Lau pauses on a phrase, before re-emphasising it when asked about his charges most positive attributes.
“The energy-efficient driving he’s taken to like a duck to water. That exceeded my expectations, even from the beginning” :: Albert Lau
“Consistency in demeanour,” he says.
“There’s not a lot of ups and downs with Nyck. Every time he comes into the simulator, he’s got a great attitude.
“Every time that you’re testing it’s the same and the actual driving skills like circuit learning, good memory, high mental capacity during a race have made it possible for him to succeed in his first year.”
There were major tests of De Vries’ mental approach in the early phases of the championship, particularly when two team errors cost him.
One was a definite third place in Santiago due to overcooling the battery on the grid, and the other at Marrakesh when a software glitch caused a power overspike.
“Ultimately, everyone is going to make mistakes and maybe it hit me a little bit harder if I start to count the points that I just purely missed from things that were outside my control,” says De Vries.
“You know, I would have a different outcome in the championship, but everyone has things like that and it doesn’t make sense to look back and live in the past, we just have to move on.”

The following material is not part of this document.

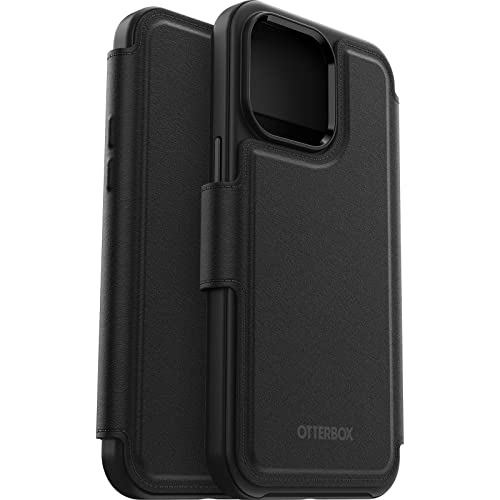 OtterBox Detachable Folio Wallet (Case Sold Separately) for MagSafe - IPhone 14 Pro Max (ONLY) - SHADOW (Black)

It was that attitude that reinforced Mercedes-Benz EQ’s belief in De Vries and his progress in 2020.
As Lau attests, De Vries’s race performances marked him out as more than just an impressive new rookie.
“It wasn’t necessarily a shock to me, but it was sort of how he managed the races that was surprising,” says Lau.
“The energy-efficient driving he’s taken to like a duck to water. That exceeded my expectations, even from the beginning.
“There’s not a lot of negatives I have to say for his first year.”